At a recent talk at the highly informative Arangkada three-day webinar, I pointed out how the future for the Philippines must be in information and communications technology (ICT). The world is rushing, and COVID-19 accelerated IT at a rate in months what was expected to take years. The world is becoming engulfed in ones and zeroes. Everything is becoming digitalized. It’s why I argued that our focus must no longer be on factories, but on tablets.

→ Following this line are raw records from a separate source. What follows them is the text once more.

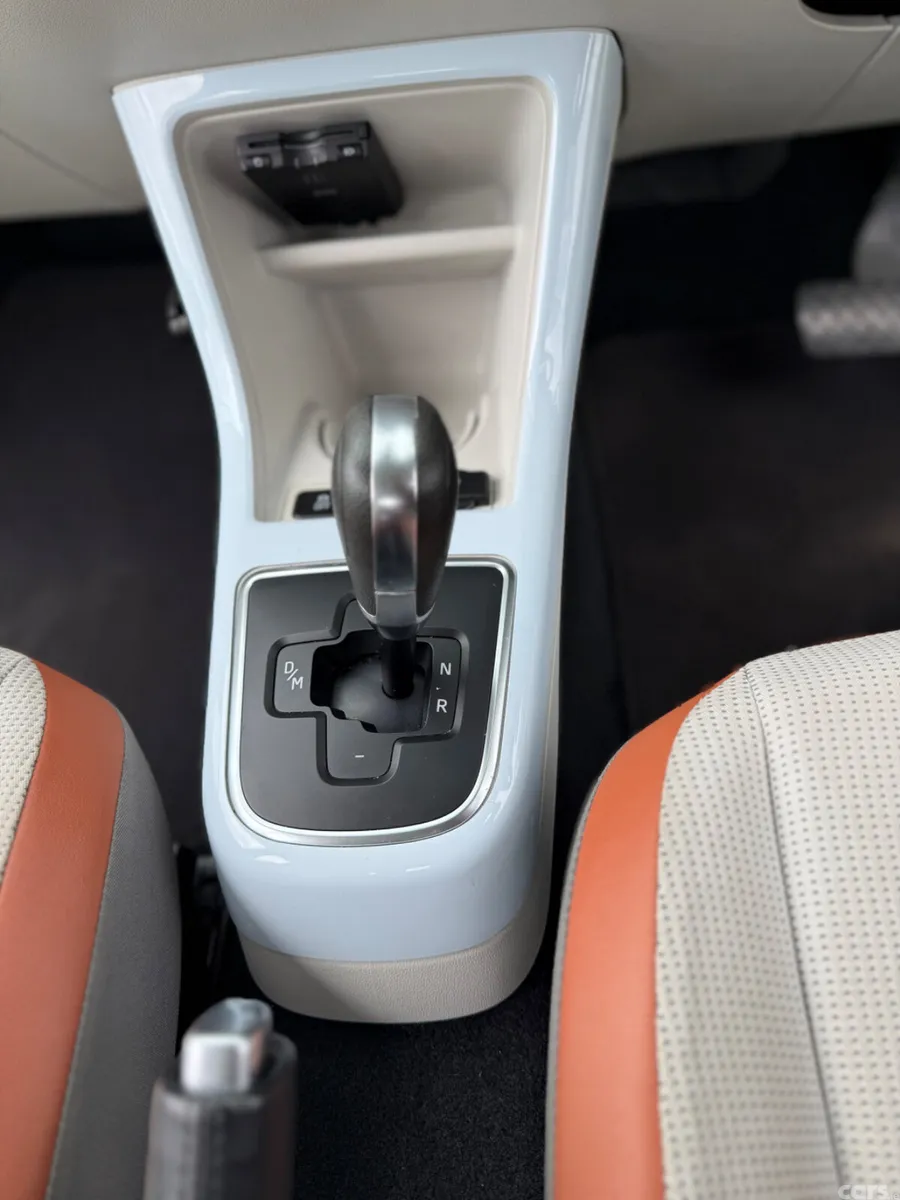 Volkswagen up! Hatchback, Petrol, 2013, Blue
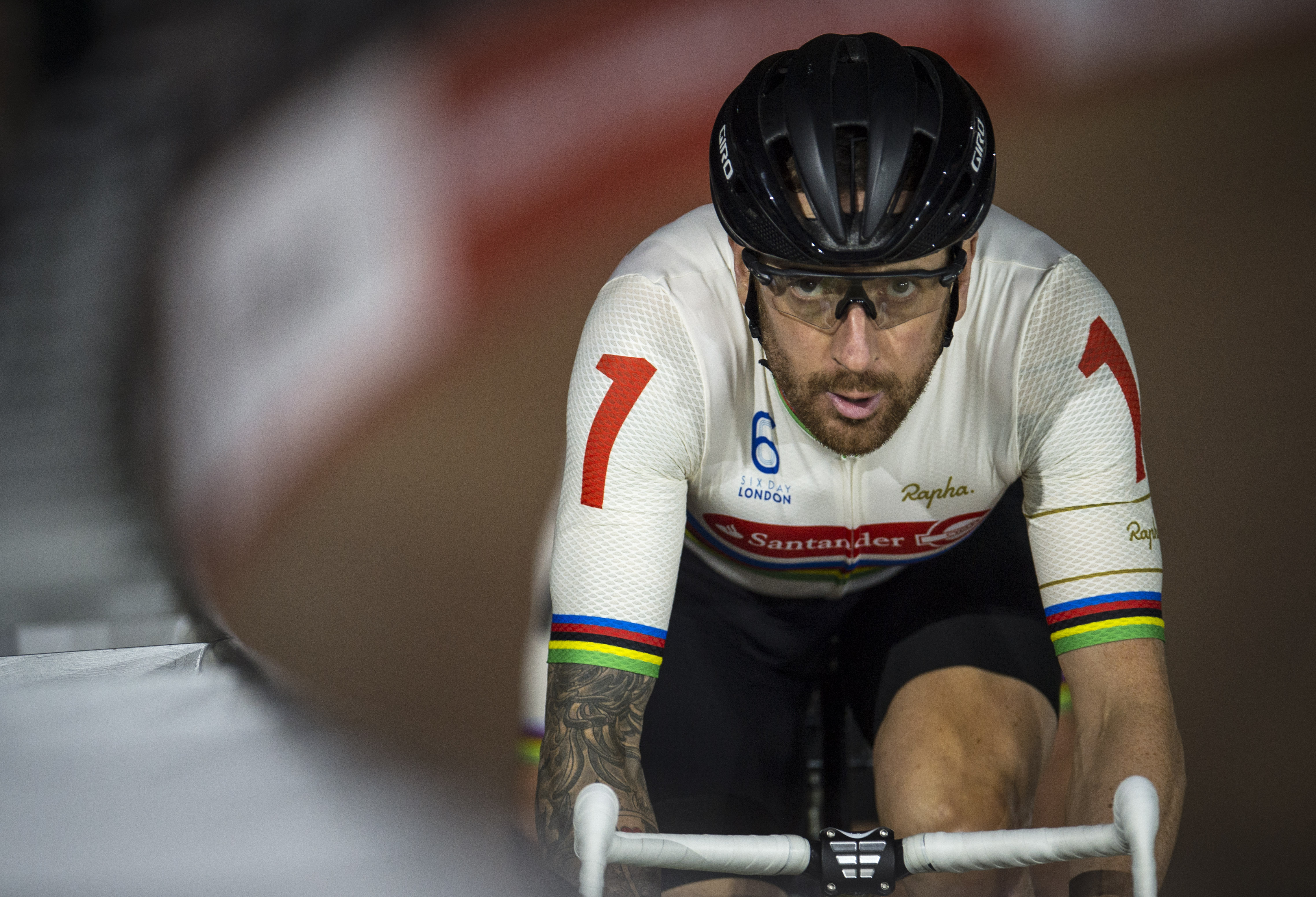 LONDON, ENGLAND - OCTOBER 25: Bradley Wiggins of Great Britain competes in the Madison Chase Six Day London Cycling at the Velodrome on October 25, 2016 in London, England. (Photo by Justin Setterfield/Getty Images)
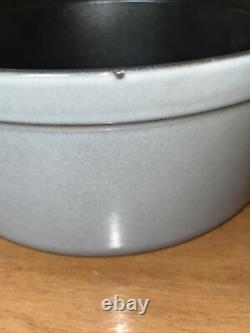 La Cocotte en fonte Staub Dutch Oven ronde de 5,5 litres avec couvercle en graphite gris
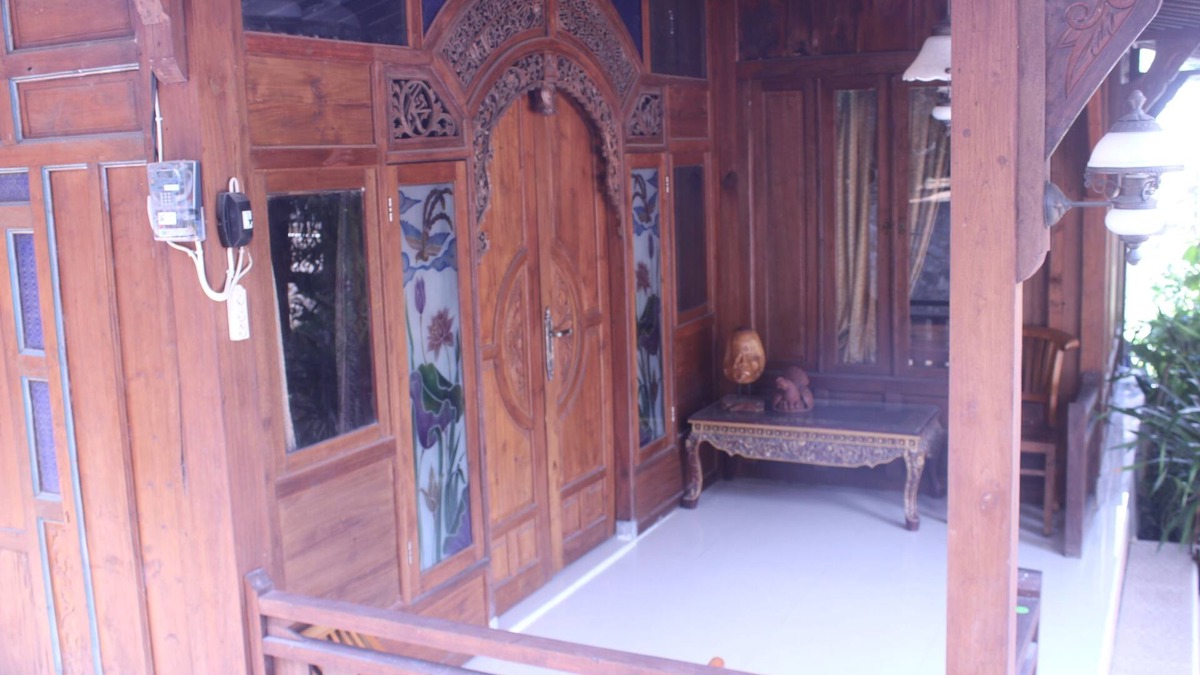 Catur Tunggal House | Omah Putih Limasan Javanese traditional house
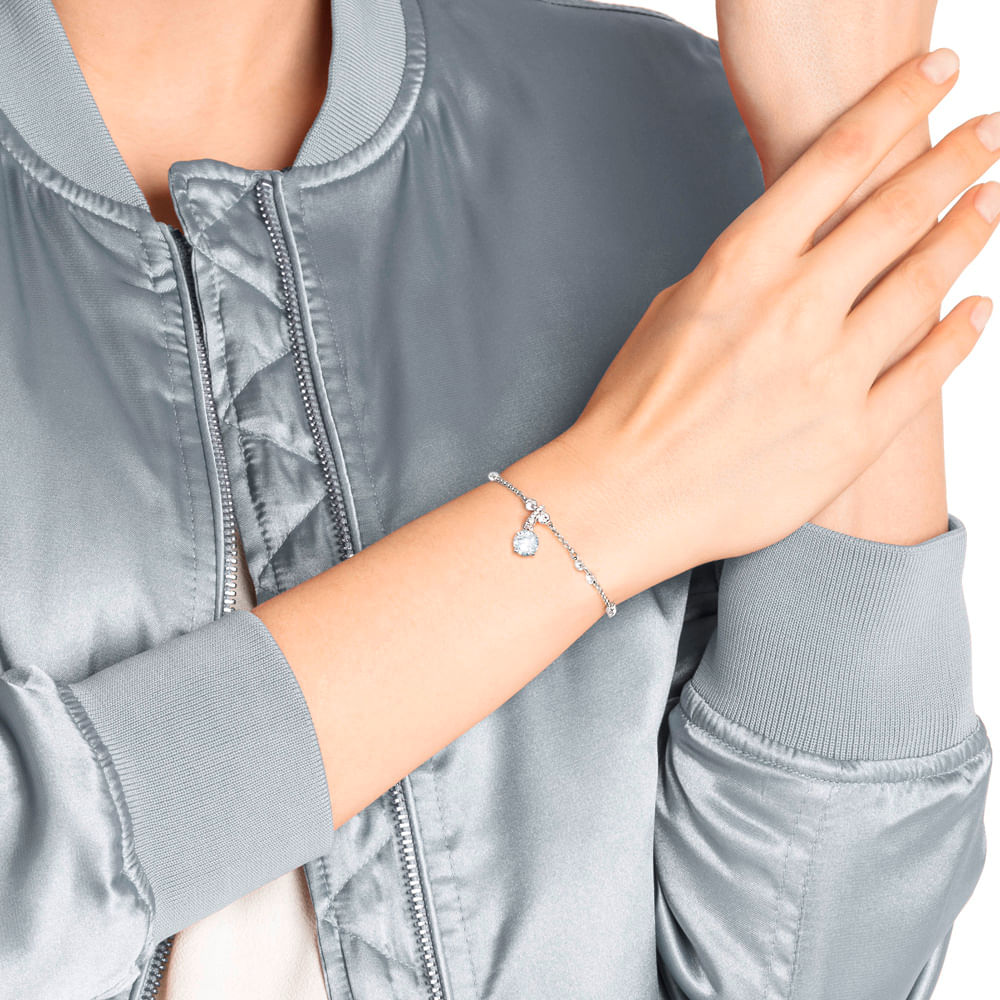 Imagem modelo efeito hover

We are moving from a physical world to a virtual one. The jobs of the future will require brain power the physical world could manage without. The IT world will need trained, skilled people.
So I was horrified to read last week that “only 29 percent of Filipino Grade 5 students are able to read a range of everyday texts, such as simple narratives and personal opinions, and begin to engage with their meanings.” Ranked versus other Southeast Asian countries, the Philippines is the second worst performer, only ahead of Laos. Our peers such as Malaysia, Vietnam, Cambodia, and Myanmar fared better.
In the 2018 Programme for International Student Assessment (Pisa), the Philippines also performed disappointingly. Across 79 countries, the Philippines ranked 79th in reading, and second lowest for both mathematics and science. You can’t do worse than that.
Then there’s what they’re given to learn. Antonio Calipjo Go, in a letter to the editor last Dec. 2, pointed out 187 errors in just one self-learning module, or “10.4 errors per page.” The errors he pointed out were disturbing. One has to wonder who on earth edited these modules, let alone who wrote them. It’s a level of incompetence I’d never stand for in my company. Here’s just one sample — “Example of malleable objects: fork and spoon.”
As Go added, “these grossly unscientific Science modules were made possible, at tremendous cost to the government.”
I have great admiration for Education Secretary Liling Briones, and I know she’s trying hard to improve the system. But it doesn’t need improvement, it needs a much-needed revolution. Obviously, the first thing to do is to replace the incompetents in the department with competent, educated people.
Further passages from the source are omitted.